Christie also reiterated his support for the Opportunity Scholarship Act, a voucherlike program that would allow low-income students in underperforming school districts to receive scholarships, paid for through corporate tax credits, to attend nonpublic schools or out-of-district public schools. He also called for lawmakers to make permanent a pilot program that allows students to attend public schools outside their local districts but in nearby neighborhoods.

New Jersey Education Association president Barbara Keshishian pointed out that not all charter schools were successful. She referred to a Stanford University study of 2,400 charter schools nationwide that found less than one-fifth outperformed public schools and that nearly two-fifths performed at lower levels than their public counterparts. And she said, a Rutgers University study found that New Jersey charter schools performed far below the average public schools.

"Clearly, there are excellent charter schools – like the Robert Treat Academy in Newark – and excellent public schools," Keshishian said. "Charter schools were meant to be laboratories of innovation, not a replacement for all public schools. If we're really smart, we'll identify excellent schools of all types and replicate their successes wherever we can."

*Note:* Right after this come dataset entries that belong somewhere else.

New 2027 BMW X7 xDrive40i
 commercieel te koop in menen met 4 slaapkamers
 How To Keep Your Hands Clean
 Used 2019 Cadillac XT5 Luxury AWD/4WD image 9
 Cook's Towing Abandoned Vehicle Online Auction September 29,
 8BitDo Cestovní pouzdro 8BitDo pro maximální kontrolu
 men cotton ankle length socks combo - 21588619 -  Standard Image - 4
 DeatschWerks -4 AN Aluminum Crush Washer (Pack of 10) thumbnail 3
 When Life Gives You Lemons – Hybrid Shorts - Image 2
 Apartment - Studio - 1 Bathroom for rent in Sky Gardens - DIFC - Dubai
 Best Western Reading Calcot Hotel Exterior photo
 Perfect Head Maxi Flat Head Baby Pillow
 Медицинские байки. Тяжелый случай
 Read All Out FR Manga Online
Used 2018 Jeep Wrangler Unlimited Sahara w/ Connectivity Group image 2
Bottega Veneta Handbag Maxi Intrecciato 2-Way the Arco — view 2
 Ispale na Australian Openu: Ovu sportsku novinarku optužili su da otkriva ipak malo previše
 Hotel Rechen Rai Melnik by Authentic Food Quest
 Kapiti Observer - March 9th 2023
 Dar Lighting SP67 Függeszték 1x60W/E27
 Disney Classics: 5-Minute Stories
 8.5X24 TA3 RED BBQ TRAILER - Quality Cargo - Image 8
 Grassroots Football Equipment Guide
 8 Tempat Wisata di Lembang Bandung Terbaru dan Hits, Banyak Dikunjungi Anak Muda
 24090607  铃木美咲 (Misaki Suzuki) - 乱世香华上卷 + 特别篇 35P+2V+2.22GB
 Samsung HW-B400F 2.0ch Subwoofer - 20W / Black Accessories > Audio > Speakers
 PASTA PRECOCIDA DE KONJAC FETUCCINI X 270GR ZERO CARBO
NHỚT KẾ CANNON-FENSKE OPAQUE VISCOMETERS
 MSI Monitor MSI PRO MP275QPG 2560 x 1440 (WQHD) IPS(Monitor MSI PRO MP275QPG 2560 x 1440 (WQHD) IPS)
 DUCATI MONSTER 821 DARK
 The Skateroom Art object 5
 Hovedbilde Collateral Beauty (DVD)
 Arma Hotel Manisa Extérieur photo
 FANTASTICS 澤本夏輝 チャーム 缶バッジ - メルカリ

Keshishian added that regarding vouchers, the NJEA did not believe that public money should be used for private and religious schools. The Opportunity Scholarship Act gets around that issue by having corporate sponsors pay for the scholarships in exchange for tax deductions.

Richard Bozza, executive director of the New Jersey Association of School Administrators, said that although he agreed that changes needed to be made in persistently low-achieving schools, most schools in the state were doing a good job of educating students.

"We've got great schools. Let's start to find ways to support their achievement as well," Bozza said.

New Jersey has 73 charter schools serving 26,000 students, or 1.4 percent of the K-12 student population in the state, according to the state Department of Education. More than 11,000 students are on charter-school waiting lists.

Christie, who has long been vocal about his support for school choice and charter schools, has not yet named a replacement for school commissioner Bret Schundler, another longtime advocate of school choice. Christie fired Schundler amid a controversy over the state's failed Race to the Top federal-grant application, which cost the state $400 million in federal aid.

Christie's first budget, totaling $29.4 billion, cut aid to schools by $819 million to help close a nearly $11 billion budget gap. He has frequently targeted teacher unions, arguing that they had declined to be part of the solution to the state's budget problems.